The acquisition of surgical skills through simulation-based training is demonstrated by two key concepts: transferability and retention. Transferability is ascertained when the skills learned by trainees in simulation-based programs are transferred to actual performance in a patient-based setting.4,5 Hence, it is the most effective measure of the predictive validity of simulator training. Evidence from orthopaedic and other surgical specialties indicates that trainees who reach proficiency in a simulation-based program do better in the patient-based setting than do their counterparts without this training.6-10 The transferability of skills is not guaranteed in simulator-based training, however; other factors, such as inherent learning style, the nature and type of feedback, and opportunities for learning reinforcement, also determine whether acquired skills are successfully applied at high levels outside the laboratory.4
Although skill acquisition and transfer are initial steps in the learning process, skill retention is the de facto indicator of later performance. Therefore, learning and retention should be considered together; learning cannot occur without retention.11
Retention of Surgical Skills After Simulation-based Training
According to Edgar Dale’s Cone of Experience, learners retain more information or skills when they “do” a task rather than “hear, read or observe” it12,13 (Figure 1). Learning by doing is the fundamental principle in simulation-based surgical skills training, and the goals are retention and later performance of these skills. Reinforcing retention of learned content can be challenging for educators when creating training programs, however. This challenge is even more prominent in simulation-based surgical skills training, during which the four major modalities of learning—visual, auditory, kinesthetic, and tactile—must be used simultaneously in a coordinated manner.
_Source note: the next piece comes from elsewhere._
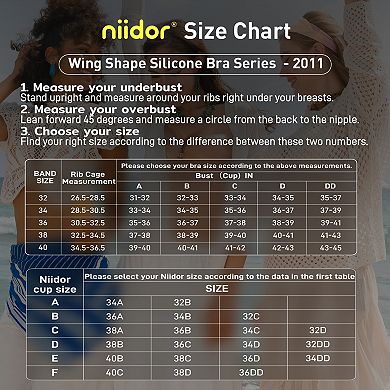 Niidor Women's Adhesive Bra Strapless Backless Pushup Lift Bra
Skill retention can be arbitrarily divided into three periods: immediate (minutes to hours), short-term (up to 3 months), and long-term (3 months to years). Any learning process, particularly skills training for future surgeons, should promote long-term retention. In the healthcare professions, where human lives are at stake, decay of learned skills can have drastic consequences. Despite this awareness, published evidence regarding skill retention after simulation-based training in orthopaedic and other surgical subspecialties is limited.
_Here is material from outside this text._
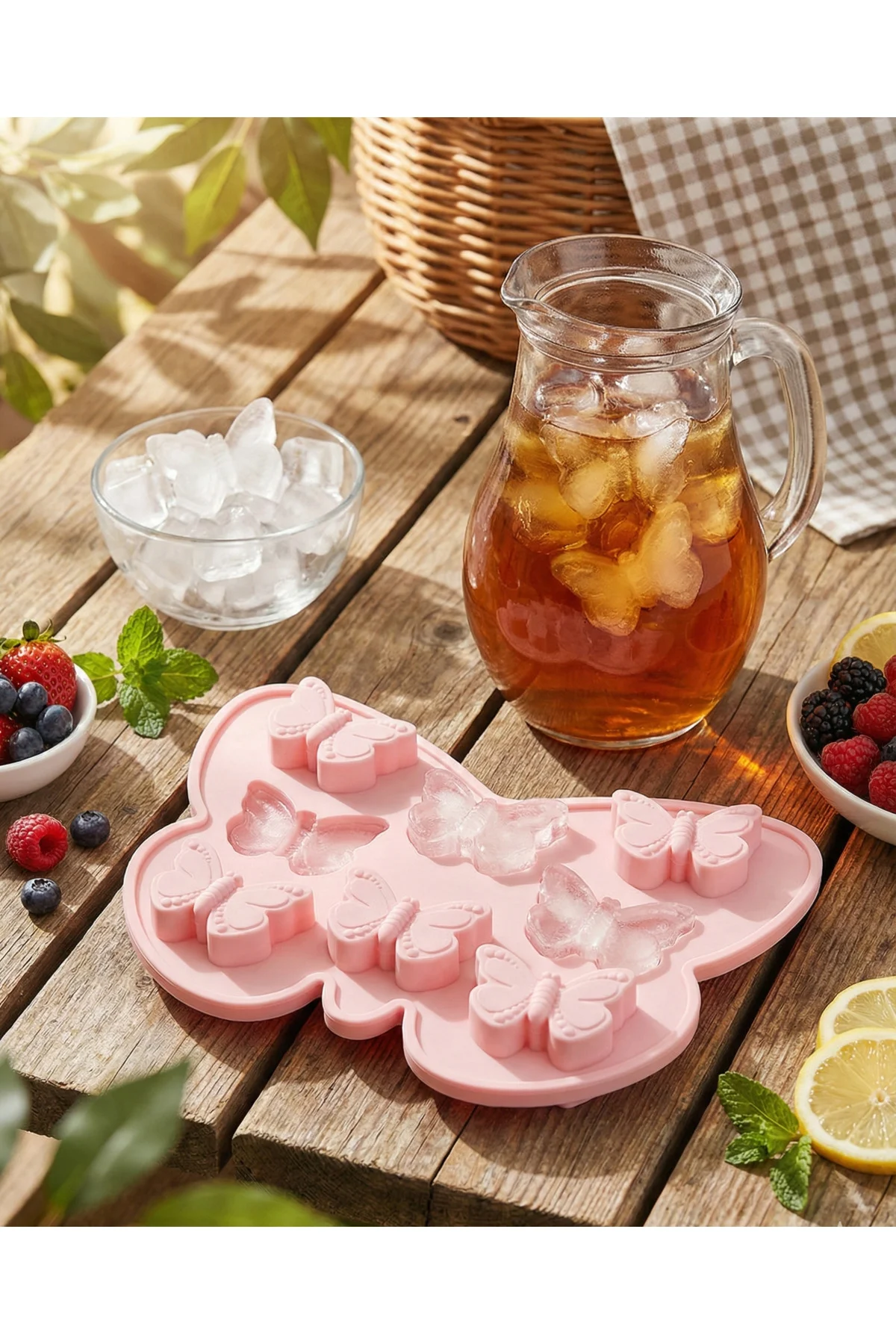 Kelebek Şekilli Pembe Silikon Kalıp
State of the Evidence in Orthopaedic Surgery
Few studies in the orthopaedic surgery literature have reported on the durability of simulation-acquired skills. Sonnadara and colleagues13,14 studied retention rates after a 30-day intensive surgical skills course that included basic fracture fixation techniques, application of casts and splints, and familiarization with basic surgical instruments. Immediately after the course, Objective Structured Assessment of Technical Skills standard checklist and global rating scale (GRS) scores were significantly better in the laboratory-trained group (n = 6) than in the standard residency group (n = 16; P < 0.01).13 Six months after the initial assessments, a second assessment was done using the GRS.14 The scores of the group that had participated in the intensive skills course did not significantly decrease (mean GRS immediately after the course, 4.3; mean GRS at 6 months after the course, 4.3). Although the scores of the junior residents who did not participate in the intensive training course (ie, the control group) significantly improved after 6 months (mean GRS at 1 month, 3.4; mean GRS at 7 months, 3.7; P < 0.01), these scores were still significantly lower than those of the residents who took the course (P < 0.001).14
It should be noted that the GRS scores of the control group increased significantly at 6 months as a result of their training, and the difference between the scores of the two groups showed a tendency to decrease.14 This observation raises the question, “Would the scores of the two groups be different if retention rates were tested beyond 6 months after the course?” It is conceivable that after sufficient practice, trainees become skillful regardless of the training technique used. The goal of simulation-based courses should be to make training to proficiency levels quicker and safer than with traditional methods, not necessarily to make surgeons expert in the long term.
Howells et al15 investigated the retention of unfamiliar arthroscopic skills acquired using a simulator in a laboratory. In this study, fellowship-trained lower-limb surgeons (n = 6) with no previous experience in arthroscopic Bankart repair were given standardized instructions for performance of an arthroscopic Bankart suture on a laboratory-based simulator. An electromagnetic motion tracking system recorded the total path length of the surgeon’s hands, the number of hand movements, and the time taken to place the sutures. Although all surgeons improved their performance with repetition on the simulator, after 6 months without practice, they performed as if they were doing the procedure for the first time. Contrary to findings reported by Sonnadara et al,14 the skills learned using an arthroscopy simulator completely decayed after 6 months of latency. Of note, participants in the Sonnadara et al14 study continued routine training on the activities covered in the intensive course without a latency period, emphasizing the importance of regular use of certain skills in maintaining optimal performance levels.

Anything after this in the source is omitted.